In its report, the Committee says it is possible that “significant differences” will exist in the future between regulation in Northern Ireland and Great Britain. “This would not be acceptable,” it says, and would constitute “yet another example of the damage that current arrangements under the Windsor Framework are causing to the Union.”

The EU’s plans set out new sustainability and energy performance rules for mobile phones, as part of the bloc’s ‘European Green Deal’. Under the Windsor Framework, the rules will apply in Northern Ireland from 30 June 2025. However, the new requirements are the kinds of EU Single Market rules which are reported to be part of the UK Government’s deal to limit regulatory divergence between Great Britain and Northern Ireland, in an effort to restore the Northern Ireland Executive.

Included in the plans are requirements for batteries to withstand at least 800 charging cycles while retaining 80% of their original capacity.

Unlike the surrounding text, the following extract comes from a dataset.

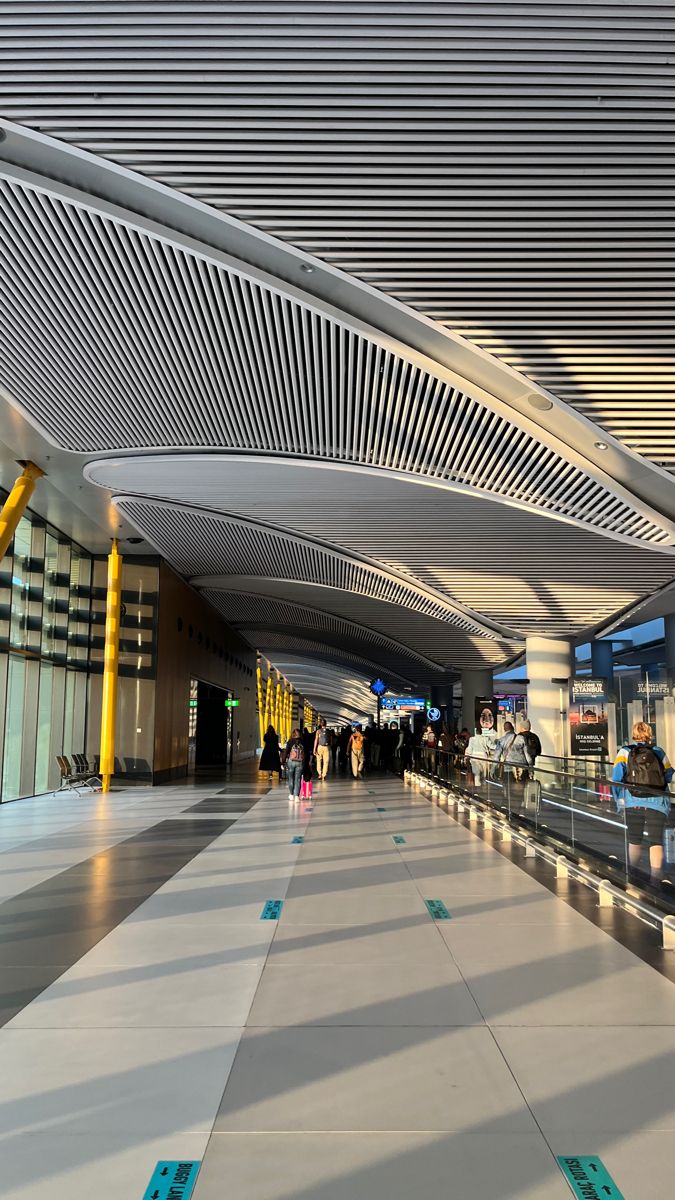 an airport terminal with people waiting for their luggage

Software updates will need to remain available for at least 5 years after the product is placed on the market, and producers will need to make critical spare parts available for repairers until 7 years after sales of the product end.

Lord Callanan, the minister responsible for responding to the regulations, set out the Government’s position in an explanatory memorandum (EM). He noted that there are no equivalent rules to the new regulations in Great Britain but provides no analysis of the impact of possible divergence between Great Britain and Northern Ireland.

In a letter to Lord Callanan, Committee Chairman Sir William Cash asks the UK Government whether it believes that the rules should apply in Northern Ireland and whether it plans to replicate them in Great Britain.